Troy Taylor observes that his Reproduco has a music roll vacuum cleaner
mounted just before the tracker bar. The "Catch-All Tracker Cleaner"
itself couldn't be simpler -- it is a round metal tube with one side
ground off to open a slot of 1/8th-inch height or less across the
entire width of a roll.
No, Troy, I'm fairly certain that these were not after-market devices.
Every 11.25-inch roll drive I have seen has the same gadget. It does
catch the paper dust as the roll passes over it. I don't know how much
air loss there is by having two places for the suction losses in the
roll box. It is my guess that it is fairly small, but more than the
air loss by way of the tracker bar.
I would clean out the screen in the little glass jar rarely. It has
so much room for dust to be trapped that I doubt that some of the jars
were ever emptied. I'm surprised that the cleaner didn't catch on and
find its way to other players. Coinola probably put the cleaner on the
instruments that would be in commercial use.
The doors on my instrument do not scrape against the supports for the
cleaner. Can the metal tube be mounted further inward?
It occurred to me that the cleaner would add a bit more friction than
occurs with the suction of the paper against the tracker bar.
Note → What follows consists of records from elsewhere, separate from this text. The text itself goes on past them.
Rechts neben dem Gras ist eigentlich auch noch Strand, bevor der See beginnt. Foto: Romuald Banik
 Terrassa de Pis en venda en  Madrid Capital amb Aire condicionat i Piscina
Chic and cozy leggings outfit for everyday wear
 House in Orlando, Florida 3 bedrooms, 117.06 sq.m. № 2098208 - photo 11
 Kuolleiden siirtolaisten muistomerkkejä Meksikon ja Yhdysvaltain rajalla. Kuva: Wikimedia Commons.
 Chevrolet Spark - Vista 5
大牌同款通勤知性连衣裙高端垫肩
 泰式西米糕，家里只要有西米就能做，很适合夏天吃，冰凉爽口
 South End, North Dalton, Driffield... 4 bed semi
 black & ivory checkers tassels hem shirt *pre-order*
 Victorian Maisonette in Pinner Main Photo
This
effect could have been used to alleviate the problem of the music
slowing or stopping when the vacuum is increased at the tracker bar.
By simply making the vacuum at the cleaner adjust inversely as the
tracker bar vacuum goes up. In other words, as the drag at the tracker
bar goes up, the drag at the cleaner goes down. Probably someone at
the factory would figure out a way to vary the pressure inversely using
a simply gadget -- like a small version of the roll motor governor.
Bill Chapman - in sunny La Quinta, Calif.; 85 F. today!